Archive of RubyForge sup-talk mailing list
 help / color / mirror / Atom feed
* [sup-talk] sup
       [not found] <20090703173353.GA4117@gmx.de>
@ 2009-07-03 18:37 ` William Morgan
  0 siblings, 0 replies; only message in thread
From: William Morgan @ 2009-07-03 18:37 UTC (permalink / raw)


[cc'ing sup-talk]

Hi Marc,

Reformatted excerpts from Marc Weber's message of 2009-07-03:
> I finally managed to package sup on nix. (nixos.org) and I'm ready to
> give sup a try.

Great!

> a) if ferret does save the whole messages you don't really need the
>     original sources (maildir, mbox files), right?

That's basically correct, but:

a) Ferret doesn't store the entire message as represented in the
   mailstore (e.g. it only keeps a subset of the headers).
b) Ferret has had corruption problems in the past, which I believe have
   now been fixed, but I wouldn't bet my mailstore on it.
c) It's easy to turn that feature off, i.e., Ferret can index email for
   search without directly storing the email.

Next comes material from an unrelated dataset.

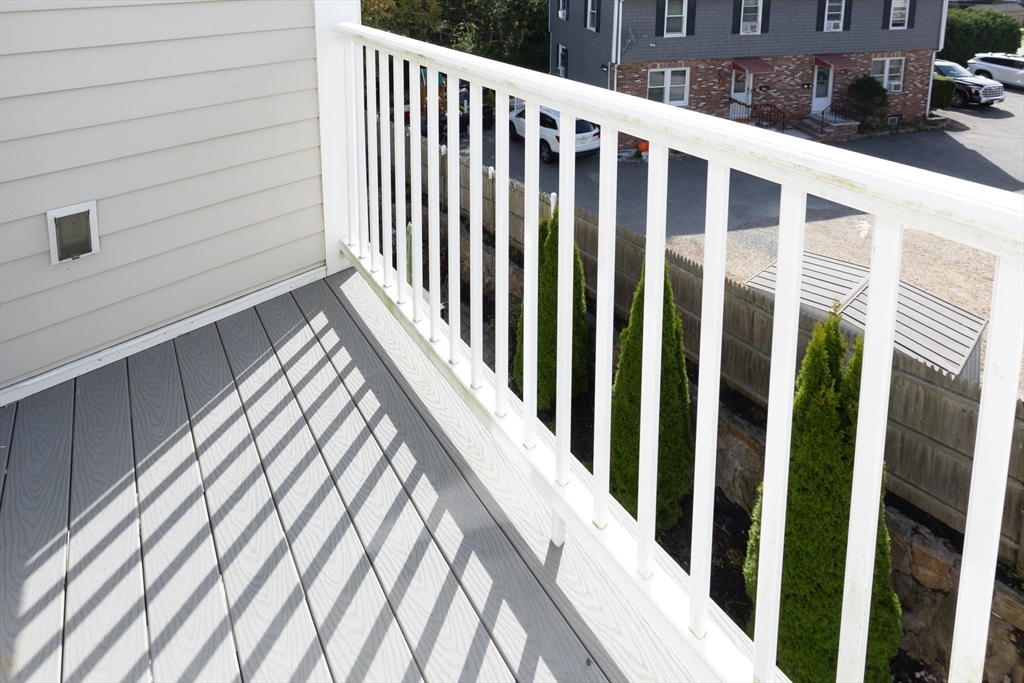 445 Essex Street, Unit 304 Swampscott, MA 01907 - Photo 17 of 35 a view of wooden balcony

The only reason I have
   Ferret store the email is because it makes changing the message
   labels quicker. If the Ferret index is too large, you can disable
   this feature at the expense of some speed.

> b) [redacted] on irc told me that ferret has been abandoned in favour of
>   Xapian ? So are there any plans in replacing Ferret by Xapian as well?

It hasn't happened quite yet (the Xapian backend is very recent and
experimental), but that's the goal. I'm currently thinking about having
the next release of Sup use Xapian as the default index, but still
support Ferret, and the release after that not support Ferret at all.
But we shall see. I'm also working on a sup server, which will act as
yet another index type.

> c) I've got about 280MB of mails from the haskelcafe mailinglist or
>   such. I missed telling sup to mark those old mails as read as well
>   as adding a "haskell-cafe" tag. It's not a big problem because all
>   mails contain [haskell-cafe] in the subject. However finding all
>   threads (using !!) takes ages (more than 20min or so?) so I didn't
>   wait until it finished.  Opening the same maildir in mutt takes less
>   than a minute.

The Xapian backend will speed this up dramatically, because the thread
structures are cached, and that's what's expensive in this case. But the
best solution is to use sup-tweak-labels, which is an offline tool built
for exactly this purpose.

> I've seen that ferret does save mails but displays threads.
> Would it make sense to index the threads instead of mails?
> Then displaying them and querying them could be even faster?

See above.

Welcome to Sup!
-- 
William <wmorgan-sup at masanjin.net>


^ permalink raw reply	[flat|nested] only message in thread

only message in thread, other threads:[~2009-07-03 18:37 UTC | newest]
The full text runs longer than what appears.